*Work request*. Transcribe the stretch of entries below from the line with "The Bros Ramadan" through the line with "Black Ops 6", exactly and with both ends included; leave out all other lines.

*Data for the task*.
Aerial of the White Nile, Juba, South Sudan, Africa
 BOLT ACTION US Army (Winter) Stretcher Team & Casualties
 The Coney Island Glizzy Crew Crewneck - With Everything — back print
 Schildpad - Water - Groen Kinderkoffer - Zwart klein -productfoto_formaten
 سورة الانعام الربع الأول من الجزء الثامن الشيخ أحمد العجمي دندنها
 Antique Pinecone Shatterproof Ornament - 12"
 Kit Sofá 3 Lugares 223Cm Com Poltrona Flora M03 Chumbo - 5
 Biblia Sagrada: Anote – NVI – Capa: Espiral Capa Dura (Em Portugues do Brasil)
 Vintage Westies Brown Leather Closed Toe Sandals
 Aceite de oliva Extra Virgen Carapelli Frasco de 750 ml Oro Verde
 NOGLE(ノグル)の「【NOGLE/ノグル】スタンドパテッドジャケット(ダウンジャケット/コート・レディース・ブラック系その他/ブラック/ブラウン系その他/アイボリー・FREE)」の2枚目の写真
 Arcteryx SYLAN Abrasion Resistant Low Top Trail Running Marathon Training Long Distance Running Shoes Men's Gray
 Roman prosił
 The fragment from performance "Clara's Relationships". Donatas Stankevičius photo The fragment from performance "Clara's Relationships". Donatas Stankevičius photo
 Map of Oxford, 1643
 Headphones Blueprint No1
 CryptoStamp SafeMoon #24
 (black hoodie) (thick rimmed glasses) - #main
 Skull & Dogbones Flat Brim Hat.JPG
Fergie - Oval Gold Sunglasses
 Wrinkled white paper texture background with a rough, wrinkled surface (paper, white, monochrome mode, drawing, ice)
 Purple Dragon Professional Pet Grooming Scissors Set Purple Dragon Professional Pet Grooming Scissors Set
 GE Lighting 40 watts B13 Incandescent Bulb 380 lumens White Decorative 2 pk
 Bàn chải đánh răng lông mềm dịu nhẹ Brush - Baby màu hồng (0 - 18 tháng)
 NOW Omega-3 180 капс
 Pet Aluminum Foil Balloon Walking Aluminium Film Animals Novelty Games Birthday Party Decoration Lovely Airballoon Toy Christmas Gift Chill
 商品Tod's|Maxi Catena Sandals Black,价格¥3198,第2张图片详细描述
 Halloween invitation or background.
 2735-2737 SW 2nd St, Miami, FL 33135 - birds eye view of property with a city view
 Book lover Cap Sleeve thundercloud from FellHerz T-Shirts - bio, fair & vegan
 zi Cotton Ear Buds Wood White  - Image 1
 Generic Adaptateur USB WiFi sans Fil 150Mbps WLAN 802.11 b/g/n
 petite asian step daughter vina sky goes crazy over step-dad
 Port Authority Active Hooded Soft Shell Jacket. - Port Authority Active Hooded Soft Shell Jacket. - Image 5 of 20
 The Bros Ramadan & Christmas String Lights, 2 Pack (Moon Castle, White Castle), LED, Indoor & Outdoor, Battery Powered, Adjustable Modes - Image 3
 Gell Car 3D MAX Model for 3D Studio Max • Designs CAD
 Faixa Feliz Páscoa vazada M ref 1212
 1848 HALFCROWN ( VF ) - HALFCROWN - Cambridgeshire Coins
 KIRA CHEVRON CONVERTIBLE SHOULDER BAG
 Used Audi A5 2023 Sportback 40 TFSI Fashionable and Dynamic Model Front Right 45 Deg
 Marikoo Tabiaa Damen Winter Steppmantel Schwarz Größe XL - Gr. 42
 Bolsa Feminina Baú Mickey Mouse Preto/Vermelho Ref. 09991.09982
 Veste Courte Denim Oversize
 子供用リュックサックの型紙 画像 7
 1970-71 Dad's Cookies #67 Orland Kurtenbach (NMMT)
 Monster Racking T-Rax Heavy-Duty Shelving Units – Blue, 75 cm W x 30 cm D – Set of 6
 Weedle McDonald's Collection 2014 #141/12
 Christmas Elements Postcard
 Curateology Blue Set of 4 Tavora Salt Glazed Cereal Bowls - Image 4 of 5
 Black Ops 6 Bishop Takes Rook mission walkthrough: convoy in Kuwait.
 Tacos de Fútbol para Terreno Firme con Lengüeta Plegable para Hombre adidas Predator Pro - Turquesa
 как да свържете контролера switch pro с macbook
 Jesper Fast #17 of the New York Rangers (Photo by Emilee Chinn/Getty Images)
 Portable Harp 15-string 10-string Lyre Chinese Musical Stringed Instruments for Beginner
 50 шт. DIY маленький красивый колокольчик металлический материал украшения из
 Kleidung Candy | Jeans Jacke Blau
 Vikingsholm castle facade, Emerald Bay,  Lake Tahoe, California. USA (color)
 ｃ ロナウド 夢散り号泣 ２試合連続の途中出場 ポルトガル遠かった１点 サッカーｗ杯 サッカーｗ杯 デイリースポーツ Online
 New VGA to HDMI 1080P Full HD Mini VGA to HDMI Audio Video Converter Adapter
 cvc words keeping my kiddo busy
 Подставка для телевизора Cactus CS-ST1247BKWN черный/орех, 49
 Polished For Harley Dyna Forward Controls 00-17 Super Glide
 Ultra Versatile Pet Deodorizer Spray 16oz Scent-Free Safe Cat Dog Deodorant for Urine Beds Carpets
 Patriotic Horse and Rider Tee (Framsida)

*Expected answer*.
 The Bros Ramadan & Christmas String Lights, 2 Pack (Moon Castle, White Castle), LED, Indoor & Outdoor, Battery Powered, Adjustable Modes - Image 3
 Gell Car 3D MAX Model for 3D Studio Max • Designs CAD
 Faixa Feliz Páscoa vazada M ref 1212
 1848 HALFCROWN ( VF ) - HALFCROWN - Cambridgeshire Coins
 KIRA CHEVRON CONVERTIBLE SHOULDER BAG
 Used Audi A5 2023 Sportback 40 TFSI Fashionable and Dynamic Model Front Right 45 Deg
 Marikoo Tabiaa Damen Winter Steppmantel Schwarz Größe XL - Gr. 42
 Bolsa Feminina Baú Mickey Mouse Preto/Vermelho Ref. 09991.09982
 Veste Courte Denim Oversize
 子供用リュックサックの型紙 画像 7
 1970-71 Dad's Cookies #67 Orland Kurtenbach (NMMT)
 Monster Racking T-Rax Heavy-Duty Shelving Units – Blue, 75 cm W x 30 cm D – Set of 6
 Weedle McDonald's Collection 2014 #141/12
 Christmas Elements Postcard
 Curateology Blue Set of 4 Tavora Salt Glazed Cereal Bowls - Image 4 of 5
 Black Ops 6 Bishop Takes Rook mission walkthrough: convoy in Kuwait.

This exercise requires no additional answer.